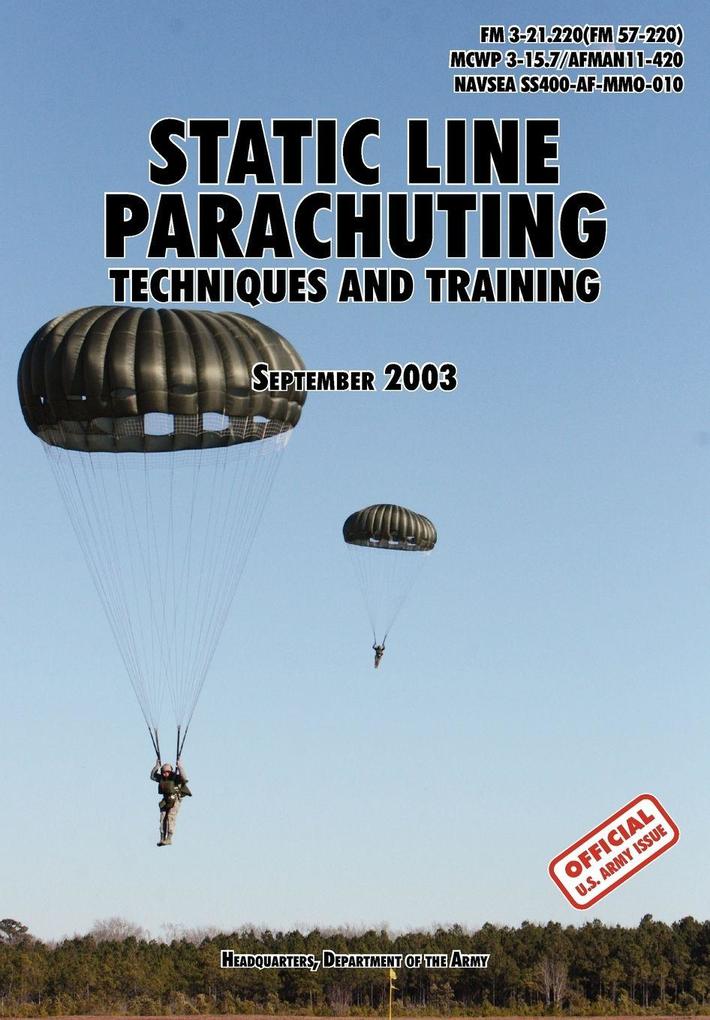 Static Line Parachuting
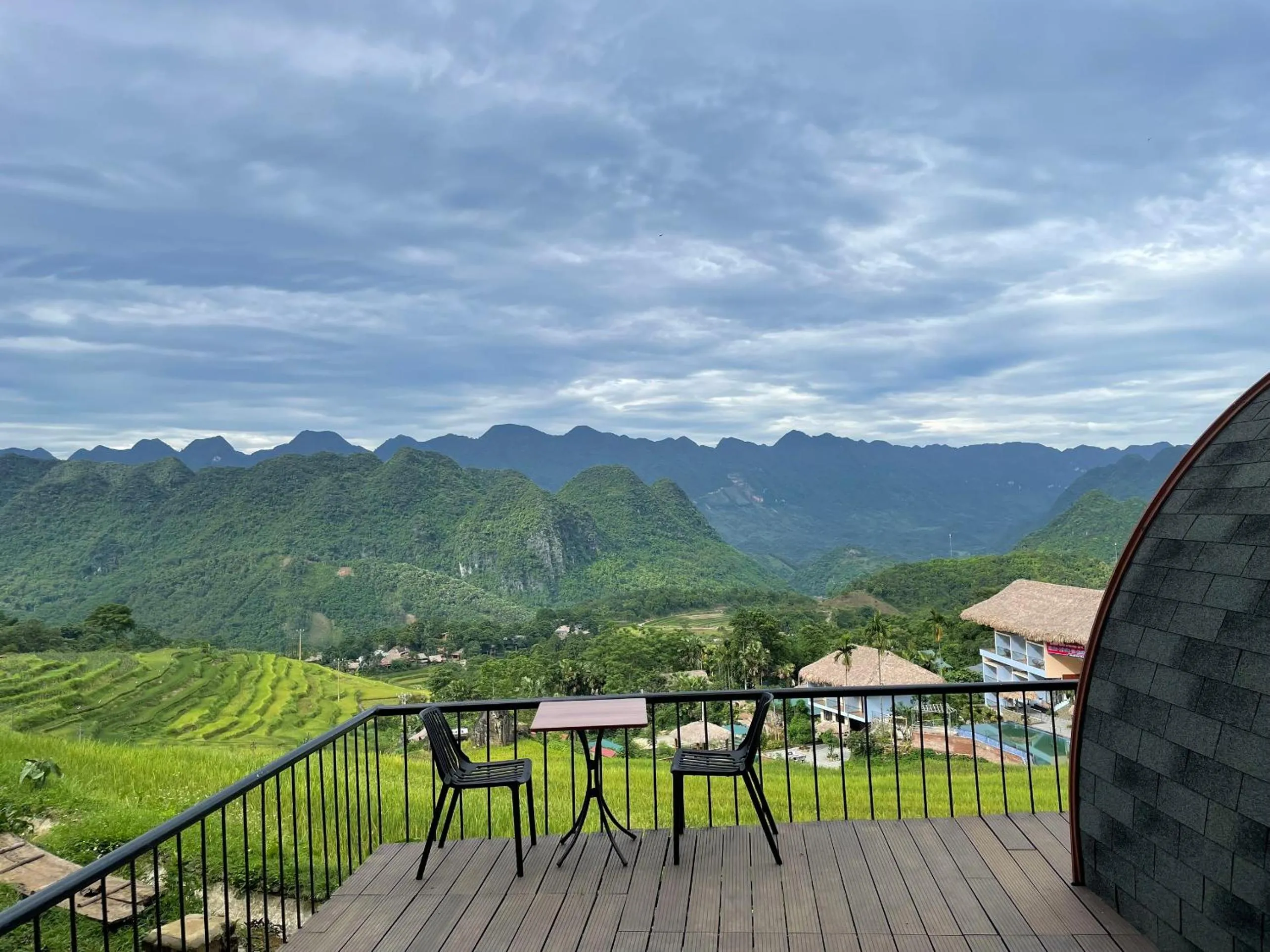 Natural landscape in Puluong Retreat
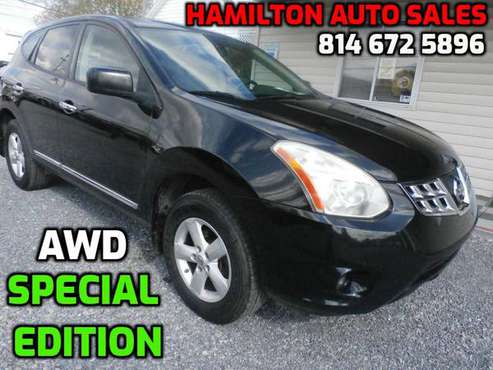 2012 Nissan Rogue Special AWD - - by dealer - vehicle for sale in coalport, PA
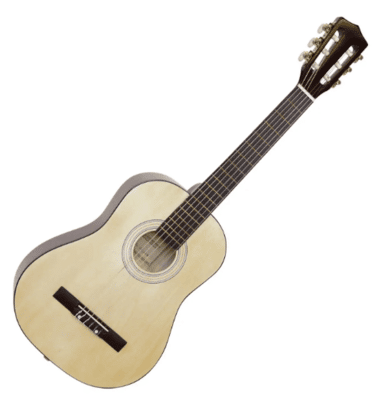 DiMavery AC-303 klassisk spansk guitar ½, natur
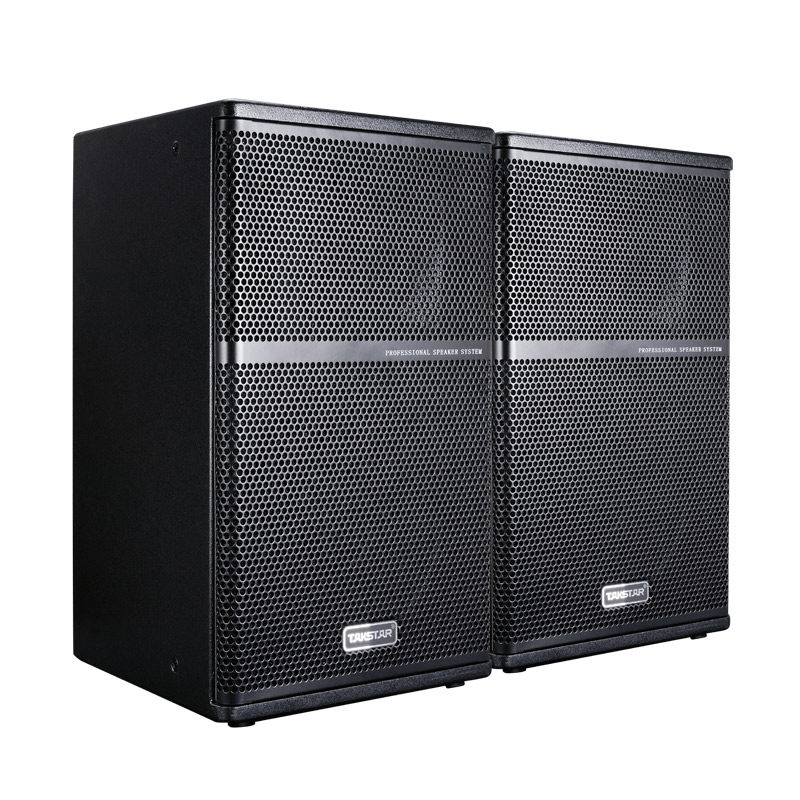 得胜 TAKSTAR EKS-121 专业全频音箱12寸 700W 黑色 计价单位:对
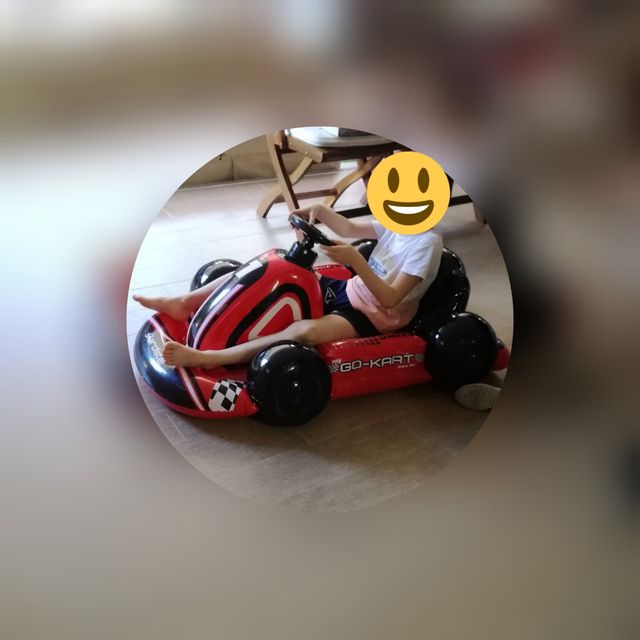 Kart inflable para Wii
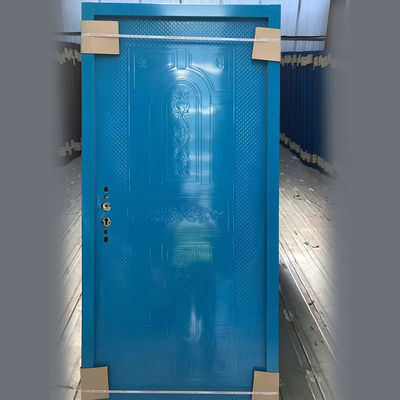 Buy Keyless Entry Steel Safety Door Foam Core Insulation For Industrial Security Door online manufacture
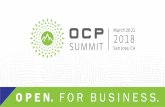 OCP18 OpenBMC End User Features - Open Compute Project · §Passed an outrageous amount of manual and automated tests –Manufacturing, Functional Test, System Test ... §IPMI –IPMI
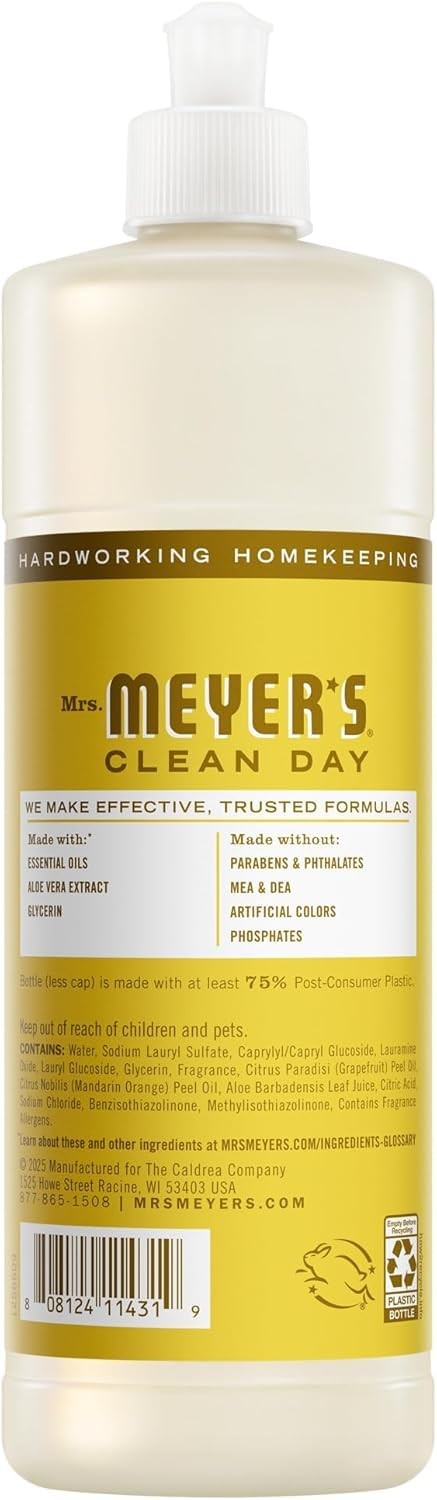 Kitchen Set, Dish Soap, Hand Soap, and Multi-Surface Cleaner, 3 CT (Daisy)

-- WORK TO COMPLETE --
Every word of the material, and none of its pictures, should be set down again.

-- THE COMPLETED TASK --
 Static Line Parachuting
 Natural landscape in Puluong Retreat
 2012 Nissan Rogue Special AWD - - by dealer - vehicle for sale in coalport, PA
 DiMavery AC-303 klassisk spansk guitar ½, natur
 得胜 TAKSTAR EKS-121 专业全频音箱12寸 700W 黑色 计价单位:对
 Kart inflable para Wii
 Buy Keyless Entry Steel Safety Door Foam Core Insulation For Industrial Security Door online manufacture
 OCP18 OpenBMC End User Features - Open Compute Project · §Passed an outrageous amount of manual and automated tests –Manufacturing, Functional Test, System Test ... §IPMI –IPMI
 Kitchen Set, Dish Soap, Hand Soap, and Multi-Surface Cleaner, 3 CT (Daisy)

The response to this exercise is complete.